Tras recibir las instrucciones de Sephrenia, retrocedió hacia el punto donde se reunían los restantes caballeros, y, tras detenerse a medio camino para arrancar de cuajo un espino, lo descargó con fuerza sobre un inofensivo abedul al que desprendió parte de su blanca corteza.

—Oh, Dios —murmuró Sephrenia.

—Se comportará según las instrucciones —la tranquilizó Sparhawk, riendo sin alegría—. He depositado grandes esperanzas en ese joven y confío plenamente en su capacidad de distinción entre lo bueno y lo malo.

A unos pasos de distancia, Flauta, de pie entre las tumbas, interpretaba con su instrumento una suave melodía que parecía expresar un inconmensurable duelo.

El tiempo continuó frío e inestable, si bien no se produjeron nevadas de consideración. Después de una semana de viaje, llegaron a las ruinas de un castillo emplazado a seis o siete leguas de la ciudad de Darra. Allí los aguardaban Kalten y el grueso del ejército de los caballeros pandion.

—Empezaba a creer que os habíais perdido —bromeó Kalten a modo de saludo.

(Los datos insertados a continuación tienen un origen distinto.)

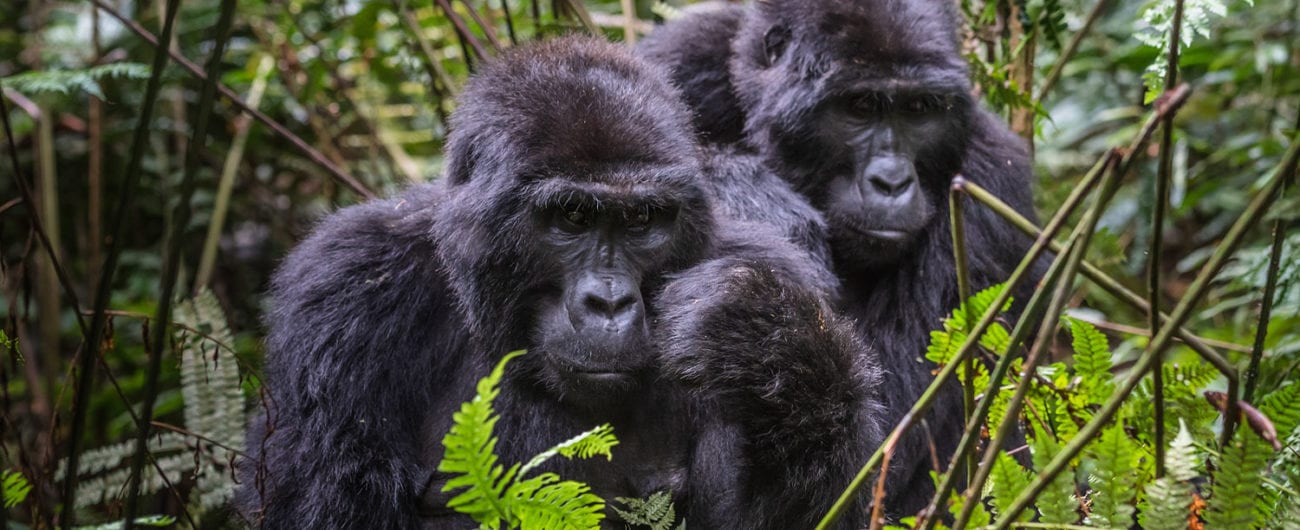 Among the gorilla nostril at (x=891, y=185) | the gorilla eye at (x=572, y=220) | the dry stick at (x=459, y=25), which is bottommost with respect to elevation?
the gorilla nostril at (x=891, y=185)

Entonces miró con curiosidad a Flauta, que se hallaba sentada en la parte delantera de la silla de Sparhawk, con los pies desnudos apoyados a un lado del cuello del caballo y el cuerpo arrebujado bajo la capa del caballero.

—¿No es algo tarde para formar una familia?

—La encontramos en el camino —replicó Sparhawk mientras tendía la pequeña a Sephrenia.

—¿Por qué no le habéis puesto zapatos?

—Ya lo hicimos, pero los pierde todos. Hay un convento de monjas al otro lado de Darra. La dejaremos allí.

—¿Ofrece esta edificación algún tipo de cobijo? —añadió Sparhawk, al tiempo que observaba las ruinas agazapadas sobre la colina encima de ellos.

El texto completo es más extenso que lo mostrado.